The State of Commercial Automatic French Legal Speech Recognition Systems and their Impact on Court Reporters et al
This addresses the problem of high costs and limited availability of court reporters for transcribing legal proceedings in Quebec and Canada, but it is incremental as it focuses on evaluating existing ASR systems rather than proposing new methods.
The paper benchmarks three Automatic Speech Recognition (ASR) models on French legal speech, finding that while they show promise, they require further refinement to meet legal domain needs, with performance evaluated using Word Error Rate (WER) and a new Sonnex Distance metric.
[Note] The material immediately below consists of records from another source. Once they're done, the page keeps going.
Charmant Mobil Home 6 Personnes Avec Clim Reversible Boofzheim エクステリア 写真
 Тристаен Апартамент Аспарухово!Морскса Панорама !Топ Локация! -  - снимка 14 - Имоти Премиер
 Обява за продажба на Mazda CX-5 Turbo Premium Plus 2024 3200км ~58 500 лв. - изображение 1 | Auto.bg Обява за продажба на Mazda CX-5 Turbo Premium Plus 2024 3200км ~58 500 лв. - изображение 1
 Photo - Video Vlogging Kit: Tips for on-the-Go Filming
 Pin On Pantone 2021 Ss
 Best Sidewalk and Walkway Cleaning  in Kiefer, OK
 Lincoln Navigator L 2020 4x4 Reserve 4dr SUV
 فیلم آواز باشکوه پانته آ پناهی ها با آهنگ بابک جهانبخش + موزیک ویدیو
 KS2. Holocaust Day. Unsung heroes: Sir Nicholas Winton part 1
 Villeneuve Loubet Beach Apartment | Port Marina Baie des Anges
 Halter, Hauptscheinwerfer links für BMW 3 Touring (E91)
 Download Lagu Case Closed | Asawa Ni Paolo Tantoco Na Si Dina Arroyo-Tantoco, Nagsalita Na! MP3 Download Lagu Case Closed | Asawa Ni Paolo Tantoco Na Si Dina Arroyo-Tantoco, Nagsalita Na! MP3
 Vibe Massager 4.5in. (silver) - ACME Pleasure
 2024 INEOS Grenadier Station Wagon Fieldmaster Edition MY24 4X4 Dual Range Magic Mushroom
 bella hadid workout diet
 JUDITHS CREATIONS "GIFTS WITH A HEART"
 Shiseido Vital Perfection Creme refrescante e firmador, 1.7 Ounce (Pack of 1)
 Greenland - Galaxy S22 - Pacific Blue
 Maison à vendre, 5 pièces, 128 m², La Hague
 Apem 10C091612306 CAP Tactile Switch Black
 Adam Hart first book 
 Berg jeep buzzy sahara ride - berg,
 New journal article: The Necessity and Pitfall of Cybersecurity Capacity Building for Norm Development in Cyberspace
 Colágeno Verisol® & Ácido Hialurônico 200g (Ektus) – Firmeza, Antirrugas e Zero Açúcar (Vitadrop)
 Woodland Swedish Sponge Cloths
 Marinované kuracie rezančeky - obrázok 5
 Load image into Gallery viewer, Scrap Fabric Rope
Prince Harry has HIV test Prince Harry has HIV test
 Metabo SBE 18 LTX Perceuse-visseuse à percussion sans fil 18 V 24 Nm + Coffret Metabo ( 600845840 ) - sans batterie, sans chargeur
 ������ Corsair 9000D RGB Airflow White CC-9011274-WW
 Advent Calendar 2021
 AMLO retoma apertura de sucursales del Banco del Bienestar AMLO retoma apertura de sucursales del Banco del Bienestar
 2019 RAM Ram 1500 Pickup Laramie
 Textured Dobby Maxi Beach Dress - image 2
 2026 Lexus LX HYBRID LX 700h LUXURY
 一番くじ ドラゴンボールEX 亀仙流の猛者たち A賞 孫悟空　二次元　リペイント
In Quebec and Canadian courts, the transcription of court proceedings is a critical task for appeal purposes and must be certified by an official court reporter. The limited availability of qualified reporters and the high costs associated with manual transcription underscore the need for more efficient solutions. This paper examines the potential of Automatic Speech Recognition (ASR) systems to assist court reporters in transcribing legal proceedings. We benchmark three ASR models, including commercial and open-source options, on their ability to recognize French legal speech using a curated dataset. Our study evaluates the performance of these systems using the Word Error Rate (WER) metric and introduces the Sonnex Distance to account for phonetic accuracy. We also explore the broader implications of ASR adoption on court reporters, copyists, the legal system, and litigants, identifying both positive and negative impacts. The findings suggest that while current ASR systems show promise, they require further refinement to meet the specific needs of the legal domain.